** Records for the exercise follows **

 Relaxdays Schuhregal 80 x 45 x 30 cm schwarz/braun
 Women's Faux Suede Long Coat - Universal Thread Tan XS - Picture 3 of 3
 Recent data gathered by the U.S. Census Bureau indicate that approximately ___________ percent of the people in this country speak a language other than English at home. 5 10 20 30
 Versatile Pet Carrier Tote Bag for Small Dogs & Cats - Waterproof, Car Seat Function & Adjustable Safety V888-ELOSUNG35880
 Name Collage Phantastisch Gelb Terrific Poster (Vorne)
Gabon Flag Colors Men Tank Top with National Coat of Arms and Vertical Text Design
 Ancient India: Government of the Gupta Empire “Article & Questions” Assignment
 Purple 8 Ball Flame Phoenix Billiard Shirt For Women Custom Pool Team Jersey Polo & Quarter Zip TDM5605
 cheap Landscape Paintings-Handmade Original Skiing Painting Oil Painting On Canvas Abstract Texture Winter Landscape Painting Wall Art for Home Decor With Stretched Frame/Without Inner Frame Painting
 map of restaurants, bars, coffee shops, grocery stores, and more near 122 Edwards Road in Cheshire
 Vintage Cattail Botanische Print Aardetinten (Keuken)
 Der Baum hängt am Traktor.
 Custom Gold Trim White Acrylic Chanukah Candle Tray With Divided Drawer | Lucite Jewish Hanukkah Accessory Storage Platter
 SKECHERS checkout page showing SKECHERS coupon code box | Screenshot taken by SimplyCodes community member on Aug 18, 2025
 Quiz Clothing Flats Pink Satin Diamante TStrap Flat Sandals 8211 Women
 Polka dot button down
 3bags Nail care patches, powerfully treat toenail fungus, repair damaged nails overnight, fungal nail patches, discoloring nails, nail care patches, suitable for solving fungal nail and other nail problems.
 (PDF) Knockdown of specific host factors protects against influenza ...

** End of Records for the exercise **

**Exercise description**
Print again the lines of the entries above that fall between the line holding "Versatile Pet Carrier" and the line holding "Custom Gold Trim", inclusive, exactly as they stand.

**Response**
 Versatile Pet Carrier Tote Bag for Small Dogs & Cats - Waterproof, Car Seat Function & Adjustable Safety V888-ELOSUNG35880
 Name Collage Phantastisch Gelb Terrific Poster (Vorne)
Gabon Flag Colors Men Tank Top with National Coat of Arms and Vertical Text Design
 Ancient India: Government of the Gupta Empire “Article & Questions” Assignment
 Purple 8 Ball Flame Phoenix Billiard Shirt For Women Custom Pool Team Jersey Polo & Quarter Zip TDM5605
 cheap Landscape Paintings-Handmade Original Skiing Painting Oil Painting On Canvas Abstract Texture Winter Landscape Painting Wall Art for Home Decor With Stretched Frame/Without Inner Frame Painting
 map of restaurants, bars, coffee shops, grocery stores, and more near 122 Edwards Road in Cheshire
 Vintage Cattail Botanische Print Aardetinten (Keuken)
 Der Baum hängt am Traktor.
 Custom Gold Trim White Acrylic Chanukah Candle Tray With Divided Drawer | Lucite Jewish Hanukkah Accessory Storage Platter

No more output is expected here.